Now that I live out in the country, I feel like I have finally begun to live in harmony with each sunrise and sunset. Now I notice the birds’ songs as spring arrives, free from tension and anxiety, a feeling I have never felt before. That often unconscious and yet ever present stress felt in cities is simply gone.
In 2014 we moved from Fort Collins, with the 6th largest county population in Colorado (333,577), to the least populated, Huerfano at about 6,500 souls. Huerfano county is the home of the Spanish Peaks, seen above…
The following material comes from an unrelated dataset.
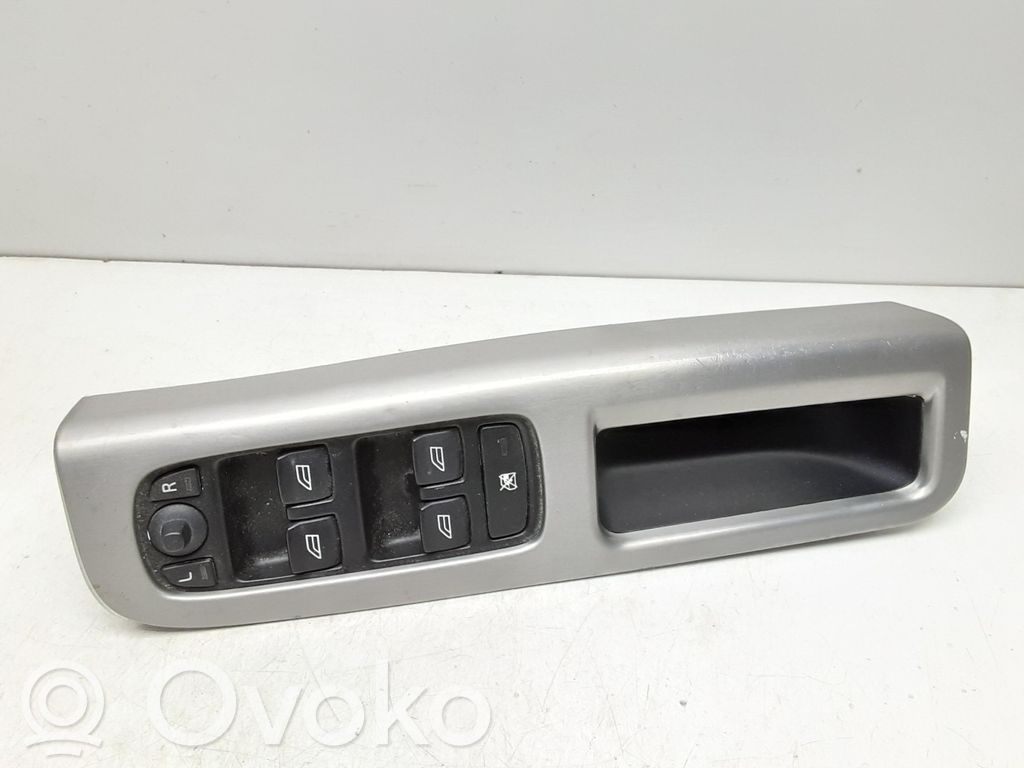 Electric window control switch   30795081,8663817
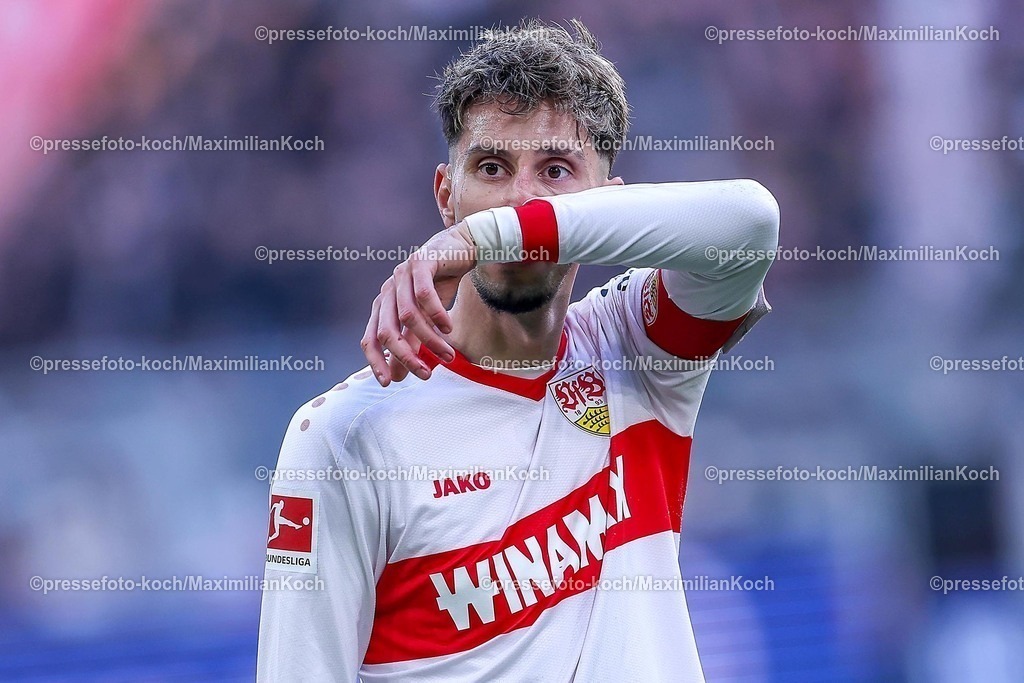 BVB08022501042 | 08.02.2025, Fußball, Borussia Dortmund - VfB Stuttgart, 1. Fußball Bundesliga, 21. Spieltag, Signal Iduna Park, Saison 2024 2025: Atakan Karazor (VfB Stuttgart #16) gestikulierend enttäuschtenttäuschungDFB regulations prohibit any use of photographs as image sequences and or quasi-video.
The Huerfano means orphan in Spanish, and so many of us here are orphans, because we are elders. We lived in the town of Walsenburg (pop. 3,000) for our first year here, while building a custom passive solar home to the west. As we complete our first full year of living in the foothills, close to nature, I find those who live in cities to be busy, always busy. What is that doing to their soul?
I feel I have learned so much on this topic by living close to nature for the past year. Getting far from any city has been a reawakening for me, and living here permanently is a wonder. I love to experience those unique emotional experiences which defy our habitual way of thinking. Living here has been all about defying my previous limited state of mind. I called myself “metrofied” before I moved here, but I had no idea how horribly stuck I was in “city mind.”
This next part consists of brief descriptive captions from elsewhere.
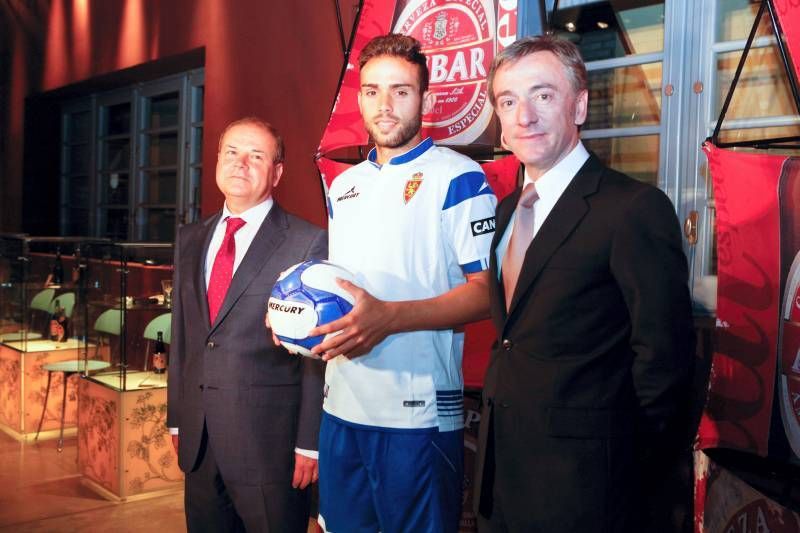 El Real Zaragoza presenta a Roger Martí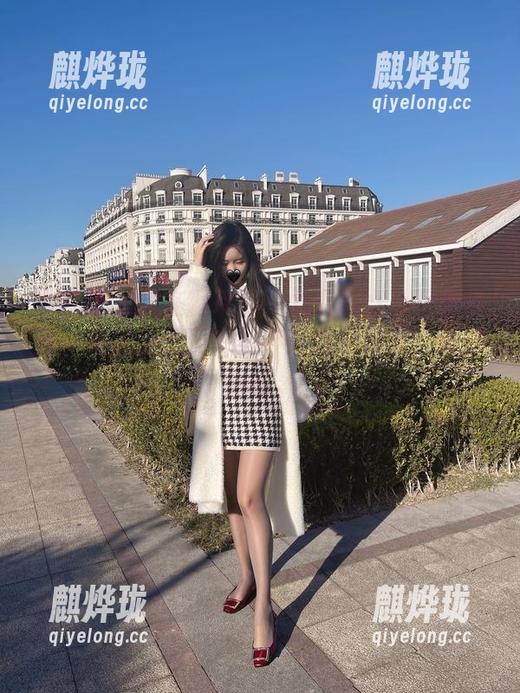 软妹小九九 微密圈 - 我在翻软妹小九九的女仆写真合集,竟然发现了一种不经意的撩人,没想到啊。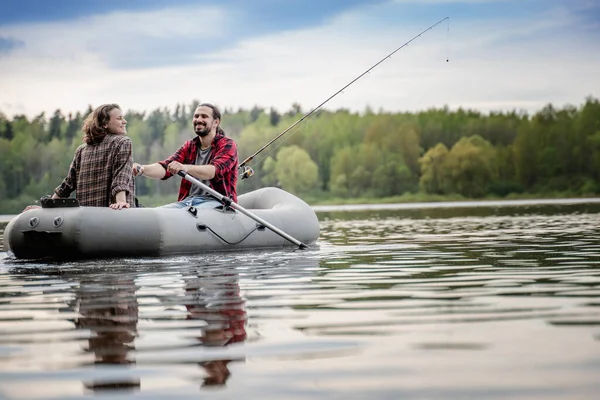 Zomervakantie Activiteit Jong Mooi Paar Man Vrouw Zeilen Een Opblaasbare — Stockfoto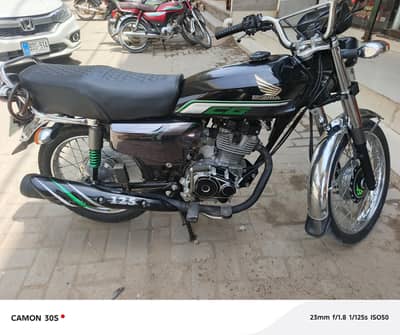 SE125  selfstart  black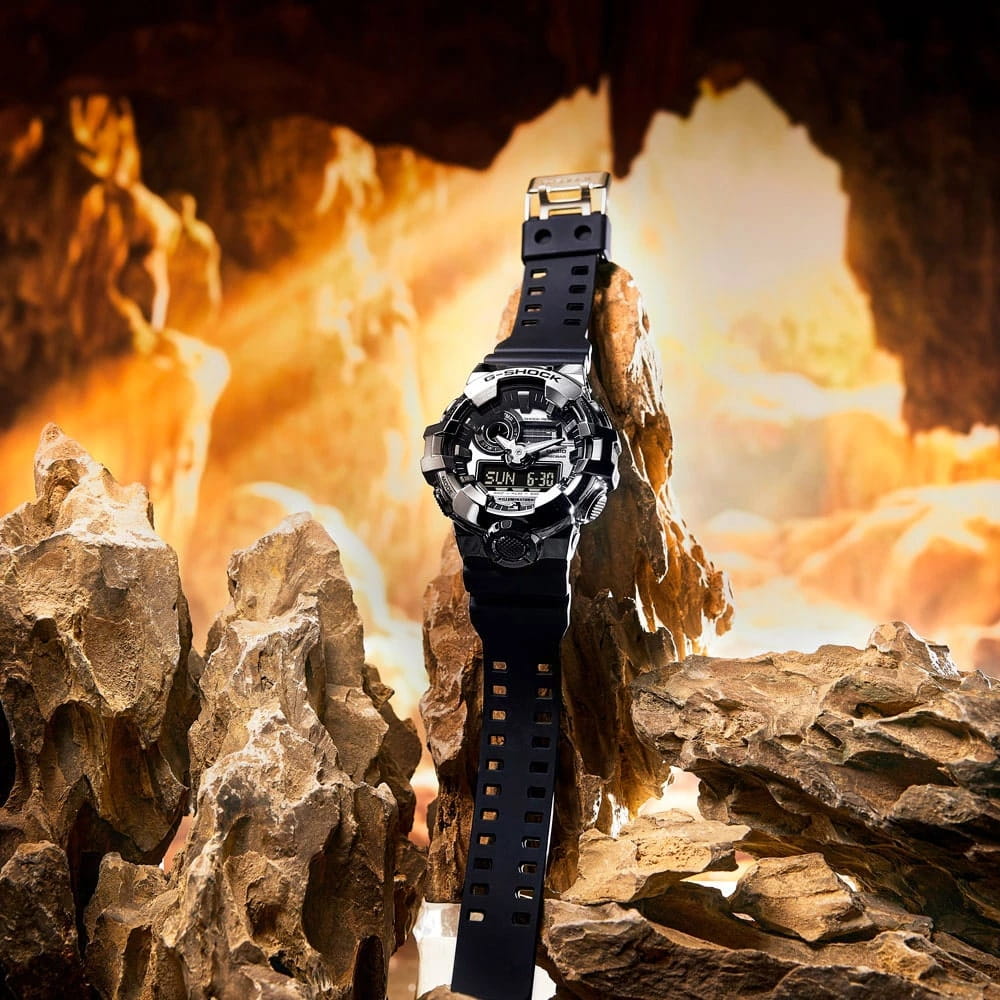 Casio Casio G-Shock GM-700-1A (GM-700-1AER) лимитированной серии, наручные женские часы фото под углом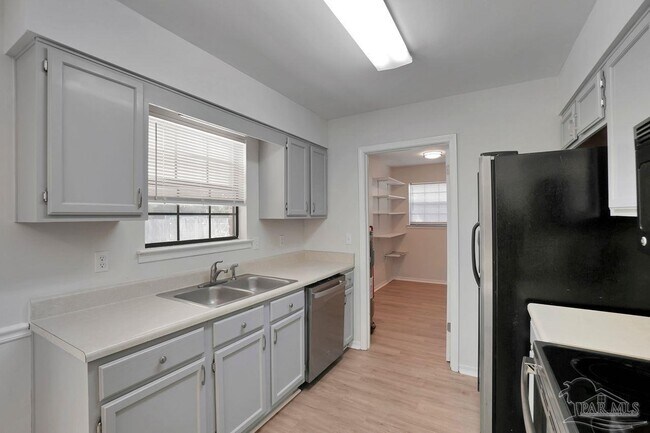 Building Photo - 10601 Silver Creek Dr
It is so soothing to observe how cities change us, and then leave, transitioning to a slower, calmer way of being. In my first year here I became aware of the constant anxiety level I maintained by living in cities. Then I slowly let it go. When I feel anxious now, I quickly see there is truly no reason for this feeling. Now, only when I get impatient or angry do I realize that I used to feel that way so much of the time back in Fort Collins, where the traffic was horrendous, and everyone was some form of tense.
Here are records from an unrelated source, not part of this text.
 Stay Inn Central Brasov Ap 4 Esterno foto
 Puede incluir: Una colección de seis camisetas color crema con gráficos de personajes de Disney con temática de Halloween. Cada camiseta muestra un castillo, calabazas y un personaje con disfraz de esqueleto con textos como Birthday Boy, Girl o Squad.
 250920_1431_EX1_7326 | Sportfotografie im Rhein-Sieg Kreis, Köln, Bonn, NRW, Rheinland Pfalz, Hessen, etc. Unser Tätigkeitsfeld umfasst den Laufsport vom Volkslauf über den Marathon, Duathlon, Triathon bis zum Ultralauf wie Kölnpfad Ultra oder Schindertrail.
The true change for me is the awareness that I can now live in the present. I have been seeking this experience for most of my life. Instead of worrying about the past or demanding more in my future, I can just be here now, loving my life. The down side to this new way of being? Great difficulties going back into cities! I don’t want to waste one more moment of my limited lifespan sitting in traffic and breathing city air.
I am filled with gratitude that I can now live in nature forever…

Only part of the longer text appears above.